As my piece
of my son’s never-ending Mazda Miata story draws to a close I’d like to share a
couple of things that have occurred to me along the way.
1st – I
really like our household name for the car much better: the Mazda Piñata. Sure,
tongue in cheek and maybe slightly irreverent, but due to the mismatched,
multi-hued body panels, it captures the essence of this particular car much
more accurately.
2nd - Although this car is now approaching 25 years
old and is as simple as a sandbox (honest, a great training vehicle for
auto-wrenching!), the vehicles of the period were already showing legislative
obesity.
My son is an
all or nothing sort of guy, so he is now a veritable fount of technical data
related to the Piñata and its peers of that period. It was based on his
continual spewing of facts and figures that I got inspired to look at this
weighty (pun fully intended) topic.
America’s
love affair with cars has always been as fickle as the rest of our cultural
pursuits. WWII GI’s coming back from service in England brought with them the
memory of such classic British cars as Jaguars, Morgans and MGs. The 2-seat
roadsters definitely had their appeal to returning GI’s, likely owing more to
the pipedream of the blonde with blowing hair sitting next to them than the
actual roadster. Regardless of the
reasoning, the interest was there so it wasn’t too long before dealerships here
started importing and selling those same cars.
These cars
were typically more pedestrian versions of factory race cars, so while they
weren’t really equipped to do serious blacktop battle, casual club-sponsored
racing developed around them. They came to be known as sports-cars. The term
sports-car had no firm definition, but the cars all shared a few major attributes.
They were small, low to the ground, built to be very light for quick handling,
but were often otherwise remarkably low-tech. And so America starting driving these gnat sized
cars into the new post-war boom.
Americans
are notorious for wanting too much of a good thing. Going back to the Ford
Model T many barns across the country were filled with disassembled engines and
young men scratching their heads figuring how to get more power. After
Oldsmobile and Cadillac launched their overhead valve V-8’s in 1949, veterans
with government-issue mechanical training were souping these cars up along with
the familiar Ford Flathead V-8.
The newer
engine designs were already more powerful than their pre-war brethren, but they
also responded so well to simple modifications that hot-rodding became a common
term. Detroit, never remiss in capitalizing on a trend, saw opportunity and started
developing factory hotrods. By the late '50's/early 60’s the factory horsepower
wars were well underway. Stock-car racing and eyeball-flattening acceleration where
taking the attention away from the little imported roadsters.
It was Washington
DC that dropped the anchor. Largely as a result of scathing review of the auto
industry's safety engineering by Ralph Nader in his book “Unsafe at any speed”,
the Federal Motor Vehicle Safety Standards were implemented in 1967. This act
was followed in 1968 by adopting auto emissions standards. By the early 1970's
cars were impacted with reduced performance, increasing weight and drivability
problems. Tiny imported sports cars were hit particularly hard. What were
marginal engines before this legislation’s impact really couldn’t cut it now.

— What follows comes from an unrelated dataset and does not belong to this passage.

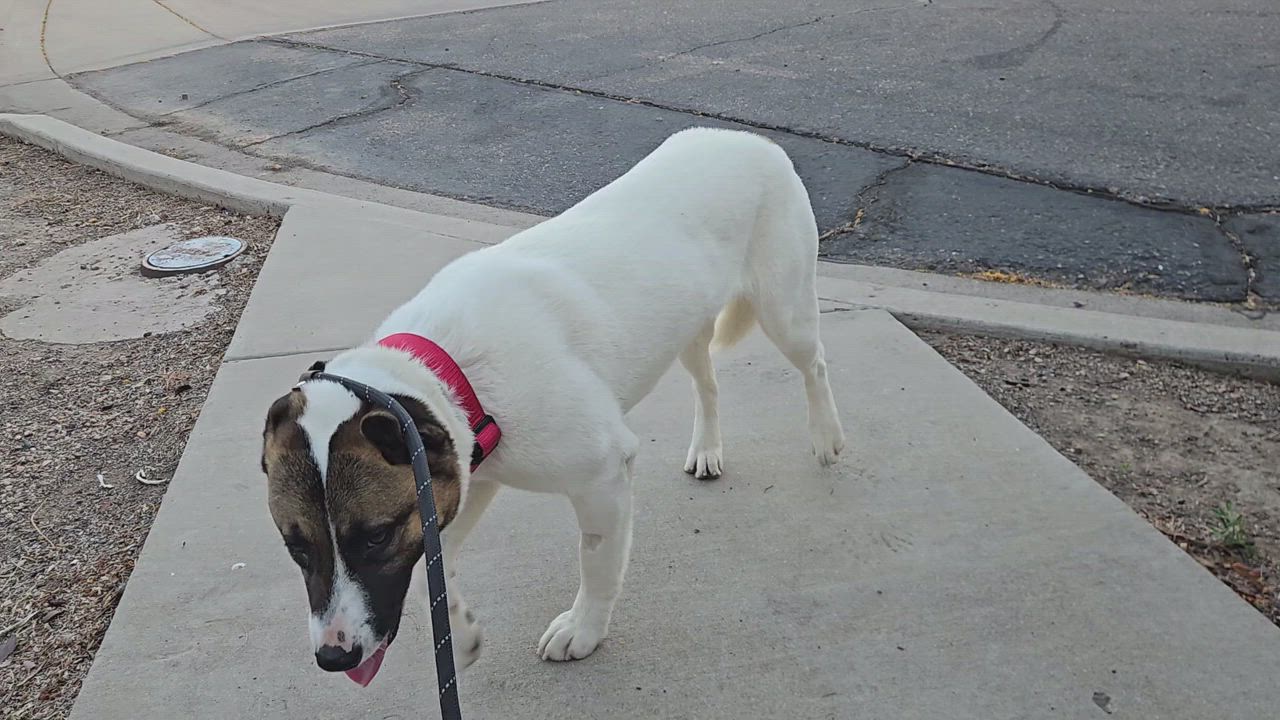 Enlarge Sprinkles, a Adopted mixed breed in Queen Creek, AZ video 3/6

The buying public noted the poor performance of post emissions sports-cars and
moved on, preferring to enjoy the twilight of domestic performance in the last
of the muscle cars. The little roadsters were left to die a slow, agonizing,
0-60 in one afternoon death.
The 1980’s
saw technology start to develop in a way which made smaller engines and
sporting vehicles viable again. There was a resurgence of interest in the
roadsters too (Nostalgia? Antiestablishmentarianism? Wishful thinking about the
blonde?), so it wasn’t long before a new generation of tiny topless imported 2-seaters
were showing up at the party again. The
Miata arrived late in the trend. It debuted in 1989 and appeared to be a near
plagiaristic visual copy of the early 1960’s Lotus Elan.
The Elan had
been one of the premier giant slayers through the 1960’s. Light, nimble and
quick, the Lotus was one of those cars that consistently won on the track and
could throw a punch way out of its class. Mazda's choice to build an Elan clone
proved very wise, as these little cars flooded the streets, often propelling
50-60 year-olds through mid-life with fond memories (the blonde factor?).
The original
Elan sat on an 84” wheelbase, had a 1.5 liter engine and produced 100HP, which allowed
it to scoot 0-60 in about 7.1 seconds. The 1990 Miata sat on an 89” wheelbase,
had a 1.6 liter engine that made 115 HP and clocked 0-60 in 8.1 seconds. So why
the 1 second lag? Physics. The first generation Miata weighs around 2100 lbs.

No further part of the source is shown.